Diana Francis Spencer was a woman of compassion and love, who, while married into the royal family and after, determinedly provided change within her power. She was born July 1st, 1961, and grew up in a family close to the crown. She had many hobbies such as swimming, skiing, and dancing. She was always known for being a very kind and decisive person. In 1980 Diana at 17 years old had moved to London where Prince Charles of Wales began to take an interest in her and eventually they started dating that summer. Only one year later in 1981 they would announce their engagement on February 24 and marry on July 29. Over the course of her life, Diana would be the patron or president of over 100 charities and raise millions of dollars.

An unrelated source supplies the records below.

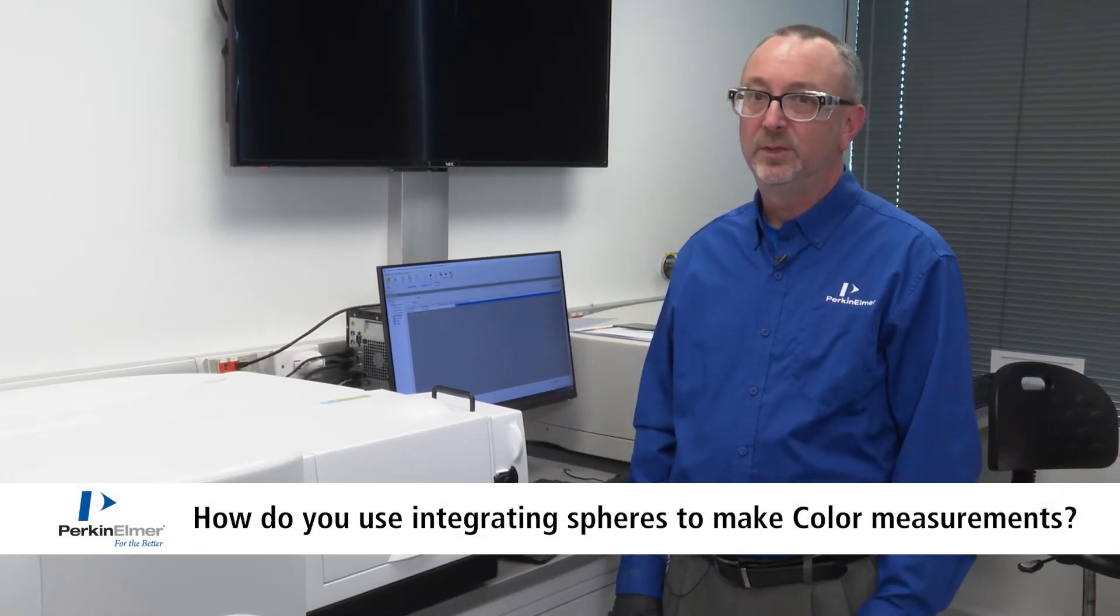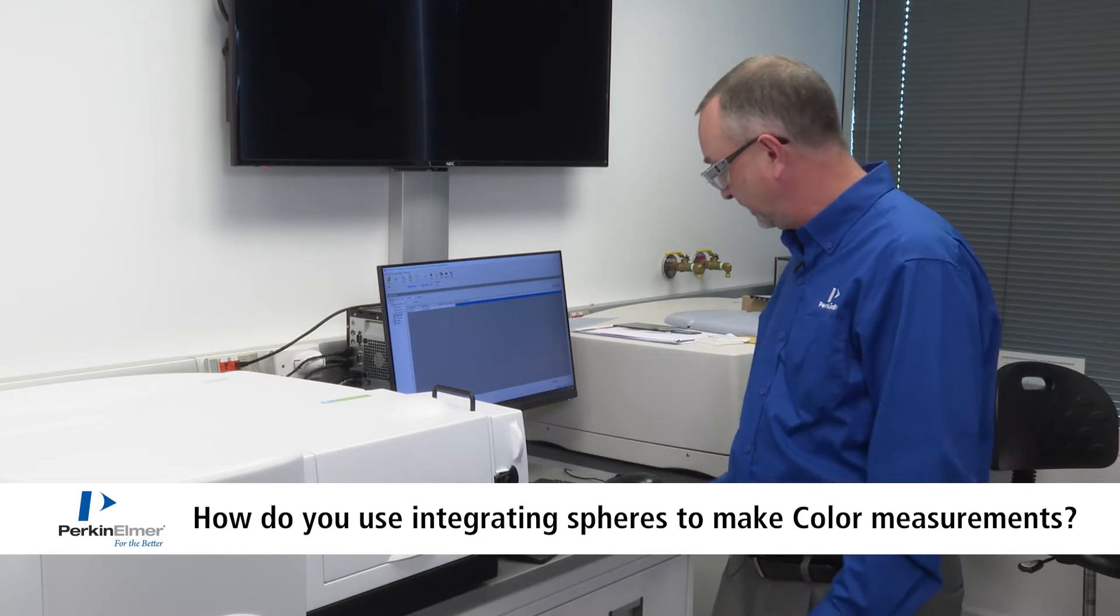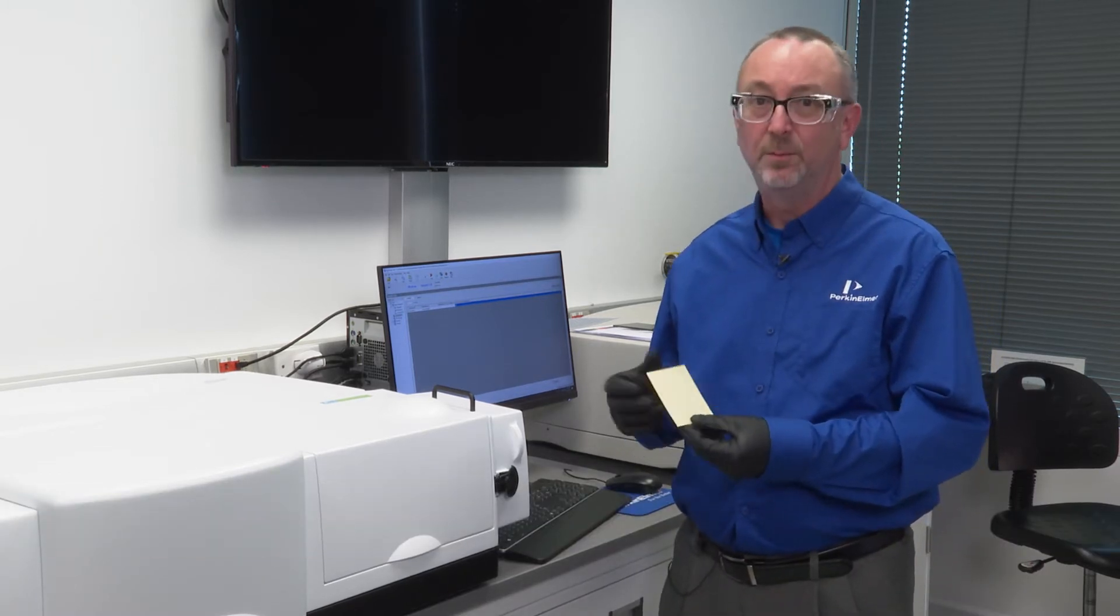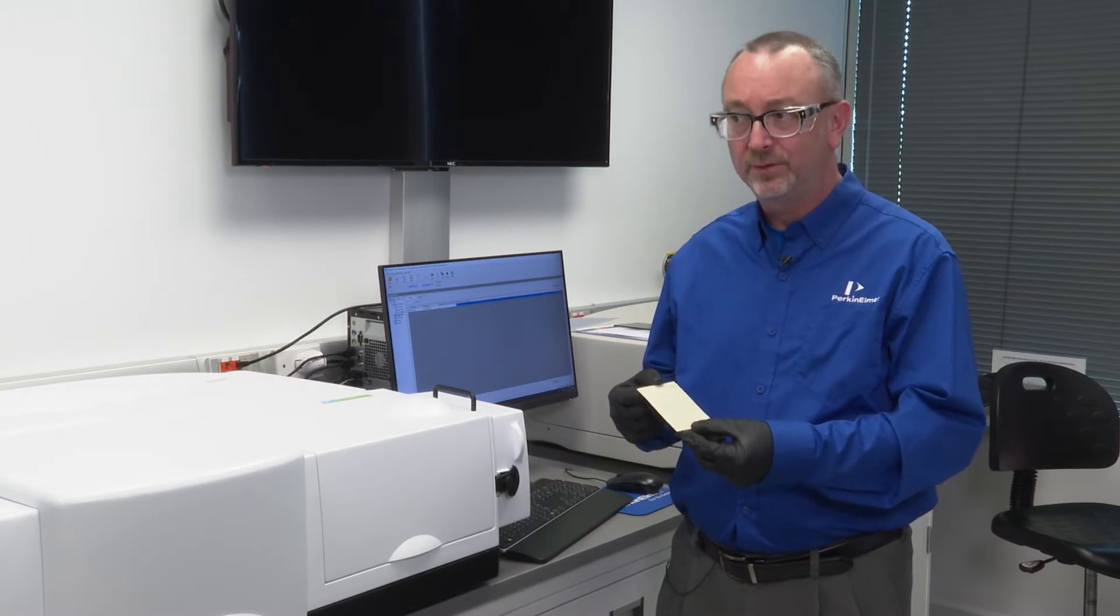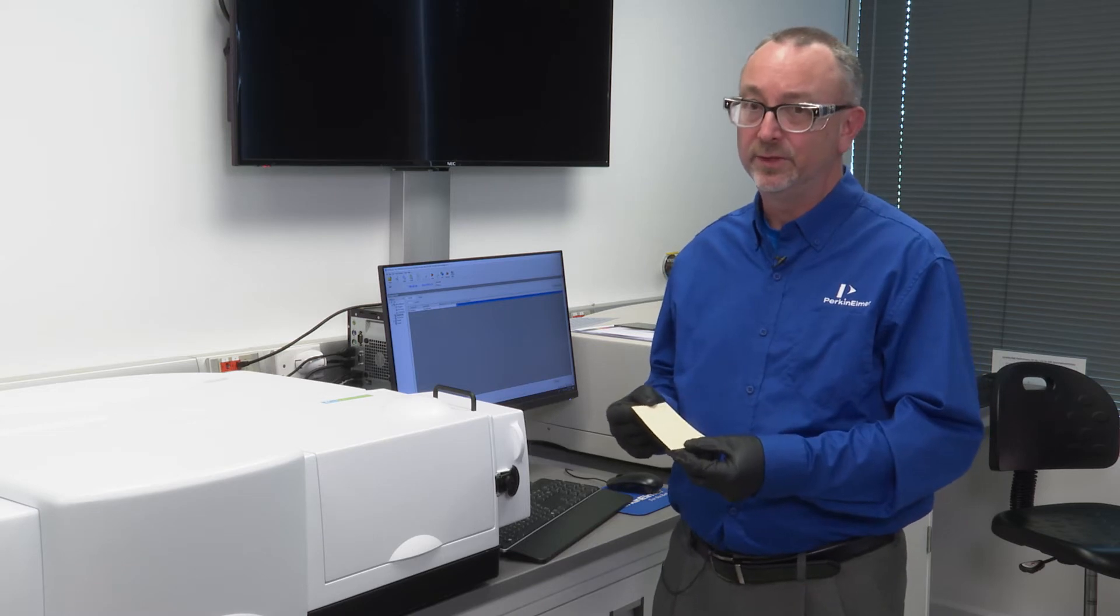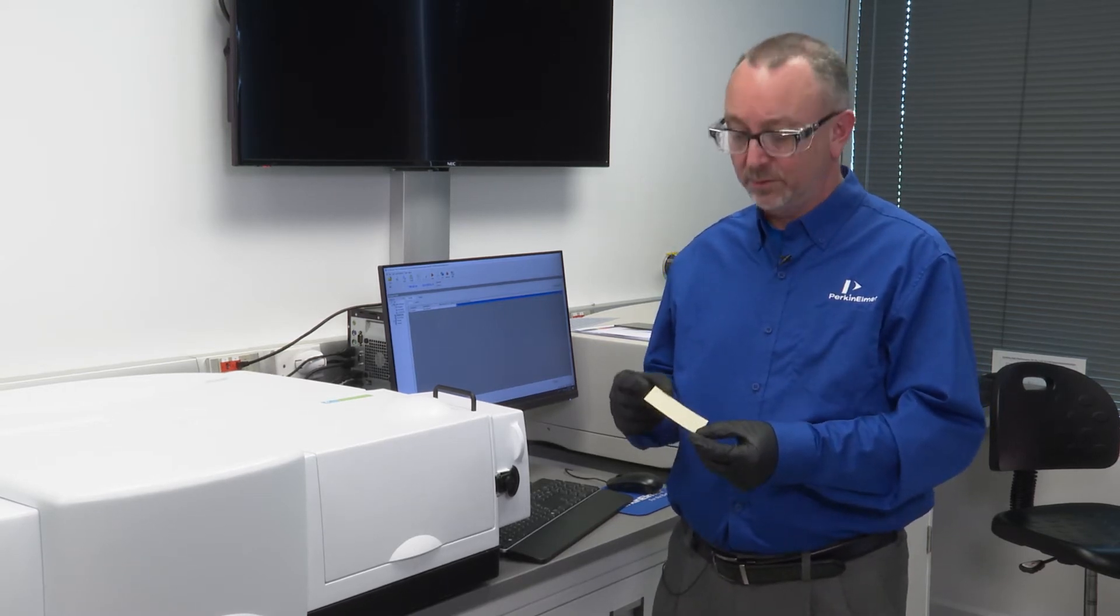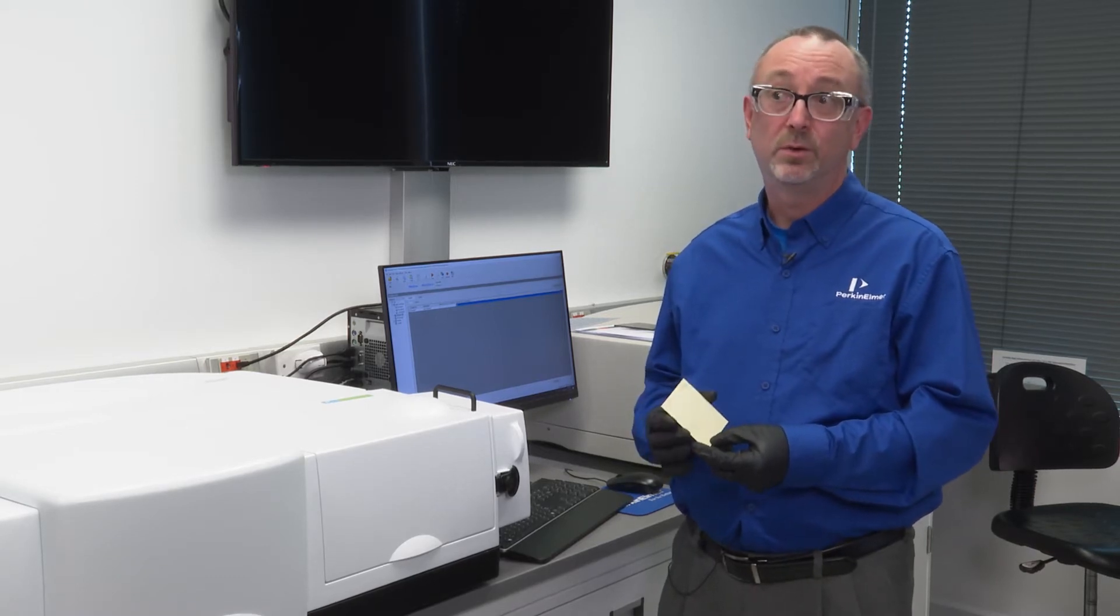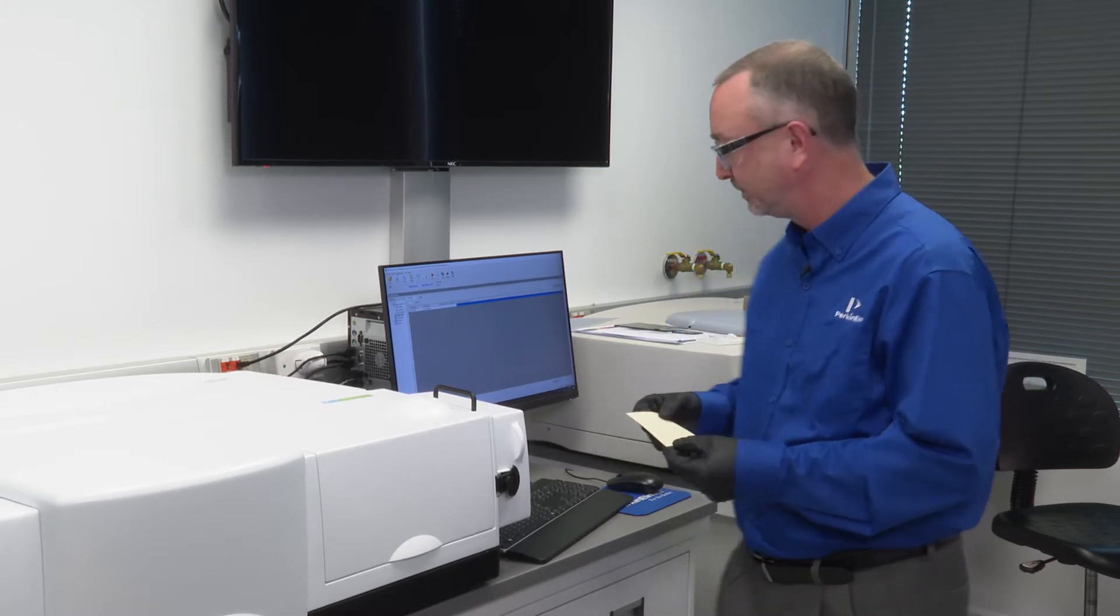Color analysis is typically performed with a 150mm integrating sphere. The reason for that is because many samples are paint-based and typically diffuse. Diffuse reflectance implies exploiting a 150mm integrating sphere. Smaller spheres can be used, but some of the protocols that are used throughout industry require large integrating spheres such as the 150mm sphere.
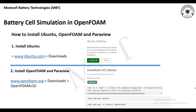You need to go to the website openfoam.org and from downloads choose OpenFOAM v10, where v10 stands for version 10. You just need to select the four commands shown below into the Ubuntu terminal and the installation process will start automatically. It will download the packages of OpenFOAM and ParaView and install the software.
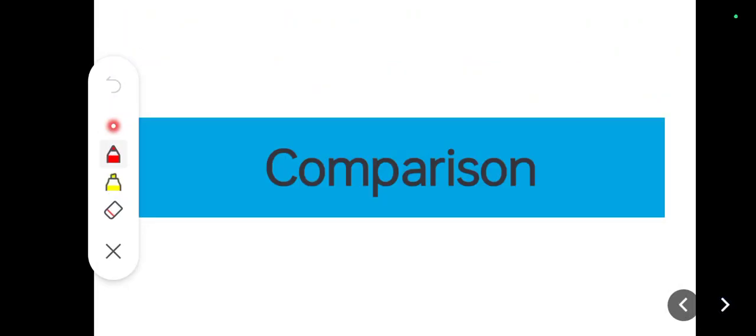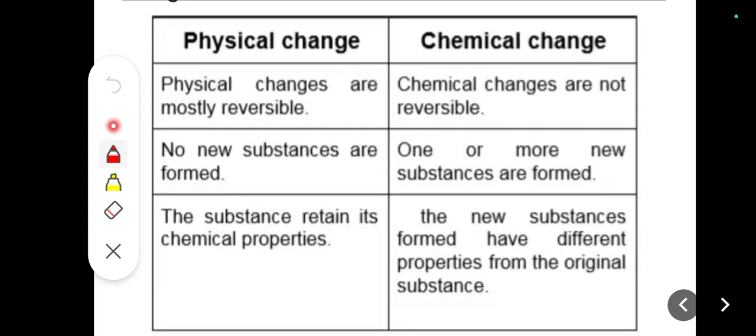There is chemical change, but in class we have also discussed physical change. Today I will not go through physical change in detail, but I will give you a comparison section from which you will understand what physical change is and what the difference is between the two changes. Physical changes are mostly reversible.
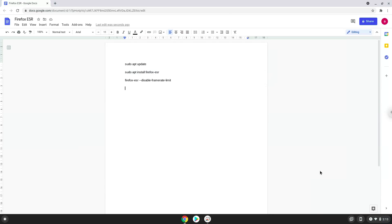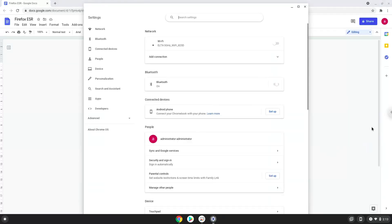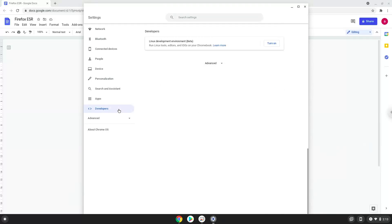To do this we will go to our system settings and click on the developers icon on the left panel. Now we will turn on the Linux apps.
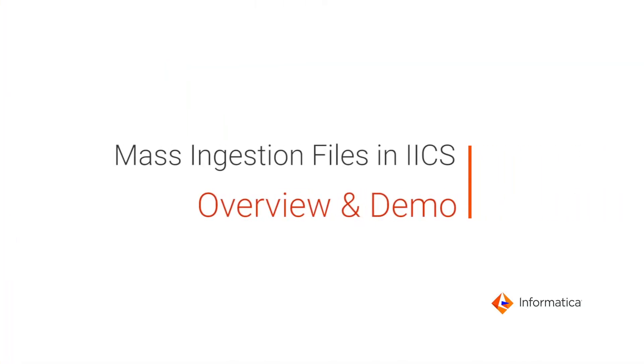This video shows an overview and a demo of mass ingestion files in Informatica Intelligent Cloud Services.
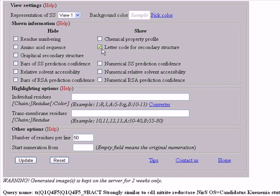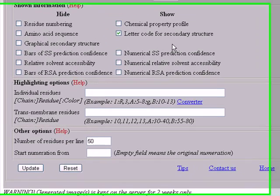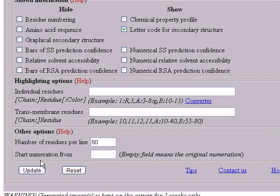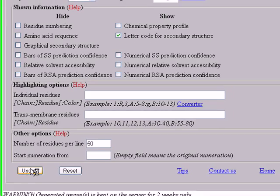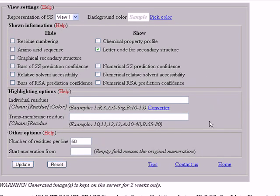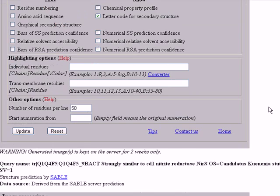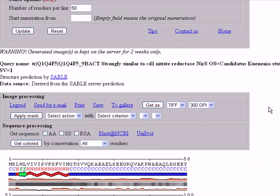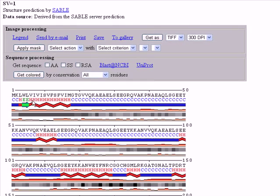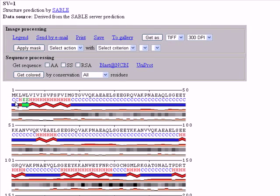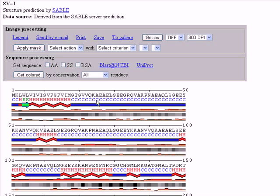We select here the letter code for secondary structure and we click update. Okay, we can see here the letter code. The C stands for coil regions, the H for helices or alpha helices, the E is for extended or beta sheets. You can see our sequence here and the single letter prediction is in the second line.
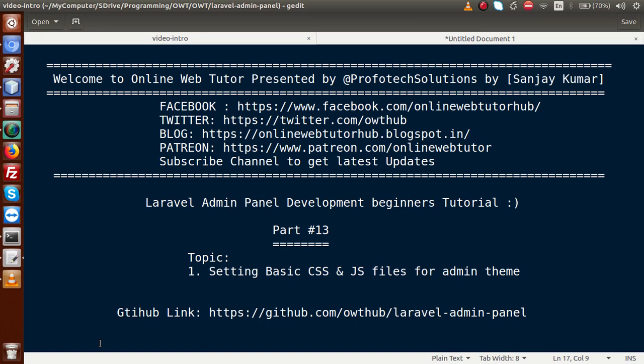Hello guys, welcome to Online Web Tutor presented by Prophoric Sessions team. I am Sanjay. We are learning Laravel admin panel development beginner tutorial and this is our part 13. Inside this video session we will discuss about setting basic CSS and JS files for our admin theme. If you are a beginner to this channel, please don't forget to subscribe and keep watching our previous video sessions to get a clear concept about Laravel admin panel development.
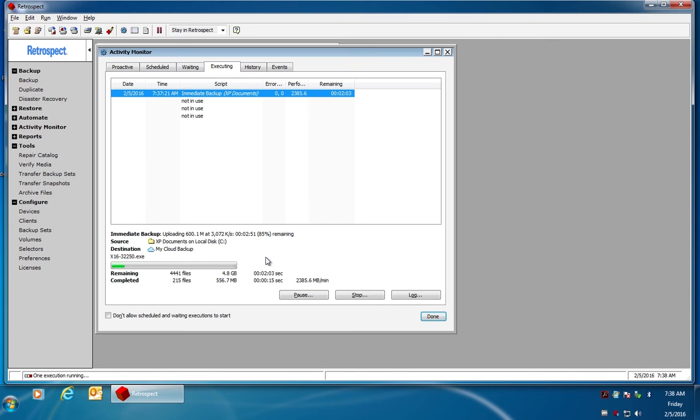Then it'll count down and then reset back to the next 600 megabytes as it uploads the data to the cloud in 600 megabyte chunks.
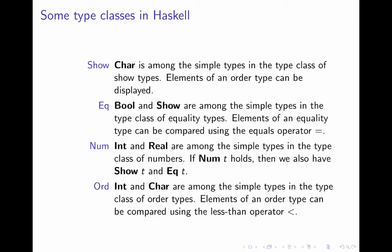And finally, we have, as a last example, the class of order types. Elements of an order type can be compared using the less than operator. And as we see at the top, it's also the case that elements of an order type can be displayed. So these type classes are all related. And whenever we define our own types, we can specify which type class it should belong to, but more about that later on.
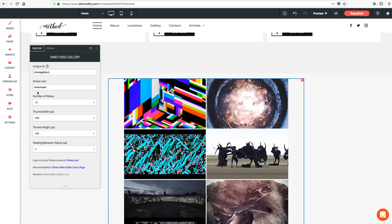Next is Vimeo User. Now this is just the name that your Vimeo account is under. Let's jump over to Vimeo.com.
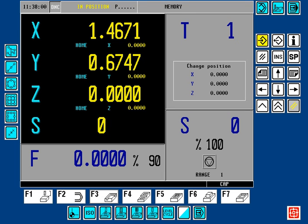Hello! Welcome to Fagor CNC 8055MC Profile Editor Lesson Number 1. In Lesson Number 1, we'll talk about Profile, Profile Pocket, Creating, or Editing of a Profile. In my example, I'll use a simulator software.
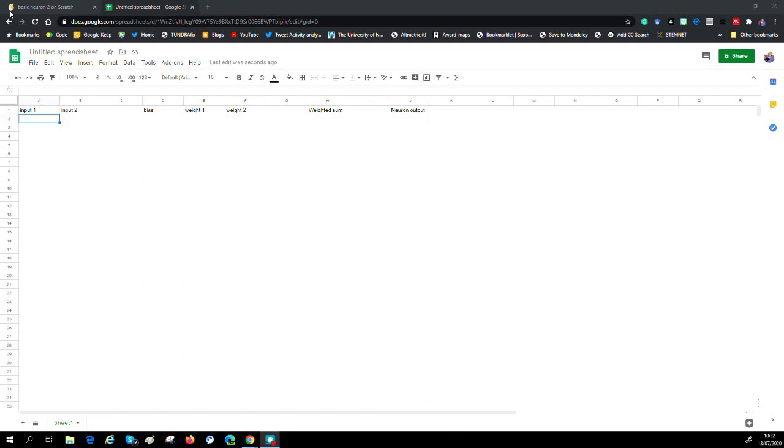I've created a few headings. We're going to have two inputs: input one and input two. We're going to have some values, the weights. We've got three of those - one called bias, one called weight one, one called weight two. We're then going to use those weights to multiply with the inputs plus this bias thing, it's just a number. Then we're going to add all those weighted values together.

She is most known for her work during the AIDS epidemic. In April 1987 she opened the first UK HIV/AIDS unit at the London Middlesex Hospital. She famously shook hands and hugged many with AIDS in public to show the community that the disease could not be contracted through contact, shedding on the disinformation. On one of her visits to the Middlesex hospital, she said, “HIV does not make people dangerous to know. You can shake their hands and give them a hug. Heaven knows they need it. What’s more, you can share their homes, their workplaces, and their playgrounds and toys.” She also was a part of the National Aids Trust, CenterPoint, Great Ormond Street Children’s Hospital, The Leprosy Mission, and many more. 

The royal family, however, did not think that Diana was fit for her role as Princess because she did not behave like the usual royal. She was the first woman in the royal family to ever have a job before marrying and was frequently described as strong-willed. Still, she continued working with many charities and also advocated strongly for a ban on landmines along with helping the young and homeless. 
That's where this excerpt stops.